# opening a .gho disk to find a file



## lmiccolo

Is there any way to open a ghosted set of CDRom's to locate a set of files and also can they be retrieved?
The files were saved on a Dell C-610 with Win 2000?? and I have a Win XP Emachine tower and no longer have the Dell. 
I had scanned in 10's of documents that I would prefer not to have to rescan, so if there is any known way to retrieve these files, I would be very exited to hear from anyone.
Thanks:wave:


----------



## johnwill

Probably several ways.

Use a spare disk and just restore the backup set and access it that way.

Use Ghost Explorer to browse the backup. I don't know if you can browse a multi-volume set with GHOST explorer, but that's a possible option.

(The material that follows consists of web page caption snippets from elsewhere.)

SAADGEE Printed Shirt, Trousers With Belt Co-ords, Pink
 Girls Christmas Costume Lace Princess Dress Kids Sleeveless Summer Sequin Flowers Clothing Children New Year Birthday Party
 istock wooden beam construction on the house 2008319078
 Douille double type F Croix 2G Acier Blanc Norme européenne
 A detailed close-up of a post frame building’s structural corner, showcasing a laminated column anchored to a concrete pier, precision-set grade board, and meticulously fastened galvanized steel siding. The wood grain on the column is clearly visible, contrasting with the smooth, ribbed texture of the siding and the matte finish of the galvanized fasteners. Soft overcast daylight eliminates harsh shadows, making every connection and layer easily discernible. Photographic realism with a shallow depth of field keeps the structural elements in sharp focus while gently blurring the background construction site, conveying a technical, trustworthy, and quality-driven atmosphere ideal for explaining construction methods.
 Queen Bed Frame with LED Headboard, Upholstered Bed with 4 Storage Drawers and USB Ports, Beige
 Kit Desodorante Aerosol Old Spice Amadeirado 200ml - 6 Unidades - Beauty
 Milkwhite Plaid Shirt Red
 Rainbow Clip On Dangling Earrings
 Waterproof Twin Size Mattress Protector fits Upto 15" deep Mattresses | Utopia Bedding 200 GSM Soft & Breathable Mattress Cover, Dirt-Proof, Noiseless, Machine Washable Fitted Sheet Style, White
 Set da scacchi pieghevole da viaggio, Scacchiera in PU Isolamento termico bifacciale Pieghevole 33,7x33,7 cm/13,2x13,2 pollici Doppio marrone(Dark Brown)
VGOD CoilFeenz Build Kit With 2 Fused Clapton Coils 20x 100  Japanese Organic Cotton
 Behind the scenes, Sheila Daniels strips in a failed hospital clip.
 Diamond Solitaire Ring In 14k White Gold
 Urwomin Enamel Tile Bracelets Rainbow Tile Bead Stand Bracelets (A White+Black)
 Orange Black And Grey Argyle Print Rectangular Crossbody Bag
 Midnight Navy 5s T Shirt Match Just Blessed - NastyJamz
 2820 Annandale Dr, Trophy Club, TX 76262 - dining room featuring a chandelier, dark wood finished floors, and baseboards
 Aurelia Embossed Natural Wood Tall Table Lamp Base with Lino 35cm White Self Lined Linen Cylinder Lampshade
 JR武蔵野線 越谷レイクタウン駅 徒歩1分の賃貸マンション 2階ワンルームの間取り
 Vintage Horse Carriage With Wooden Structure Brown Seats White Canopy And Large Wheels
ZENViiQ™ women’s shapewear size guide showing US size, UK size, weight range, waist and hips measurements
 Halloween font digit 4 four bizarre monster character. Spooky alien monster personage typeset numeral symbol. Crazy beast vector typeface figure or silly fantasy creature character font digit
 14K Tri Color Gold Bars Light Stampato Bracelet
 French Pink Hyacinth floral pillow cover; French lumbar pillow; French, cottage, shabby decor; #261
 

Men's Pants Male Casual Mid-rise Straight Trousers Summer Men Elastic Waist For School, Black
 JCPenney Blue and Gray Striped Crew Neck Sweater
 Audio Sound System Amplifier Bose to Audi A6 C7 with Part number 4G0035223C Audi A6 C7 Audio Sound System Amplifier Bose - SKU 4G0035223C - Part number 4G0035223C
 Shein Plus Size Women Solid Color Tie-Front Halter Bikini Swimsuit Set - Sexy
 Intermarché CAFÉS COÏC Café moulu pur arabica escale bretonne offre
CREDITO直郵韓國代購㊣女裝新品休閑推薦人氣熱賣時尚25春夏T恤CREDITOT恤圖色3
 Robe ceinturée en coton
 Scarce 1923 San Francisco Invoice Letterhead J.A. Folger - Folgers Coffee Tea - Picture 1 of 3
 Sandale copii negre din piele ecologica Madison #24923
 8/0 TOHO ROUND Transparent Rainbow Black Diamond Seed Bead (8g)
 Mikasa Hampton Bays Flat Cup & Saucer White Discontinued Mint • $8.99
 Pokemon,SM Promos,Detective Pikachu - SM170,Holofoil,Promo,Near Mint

It would help to know what version of GHOST you're using.


----------



## lmiccolo

Wow, I am so sorry I never checked back. Thank You for your reply! I made the backup with the old (please don't laugh:laugh Iomega CD Ware, Backup My PC. I have downloaded Nortons latest GHO file reader/explorer. This did not support the older version from Iomega. I have several files that I cannot replace and I am quite sure they reside on this set of 13 CD-R's. I no longer have the Dell C-610, and my understanding is that if it wasn't built on the computer you are restoring it to, it probably will fail. I haven't taken the chance to do this yet as I would have to format a drive and try to restore these files. I would prefer to try finding a way to just get my files off the CD. 
I would appreciate any possible choices, and if not able, I will try the later with and old dick I have and see what happens.
Thank You
Lou


----------



## johnwill

You can restore the entire backup to any disk, you just can't boot from it. If you really need the files, I'd use a scratch hard disk and restore the backup.


----------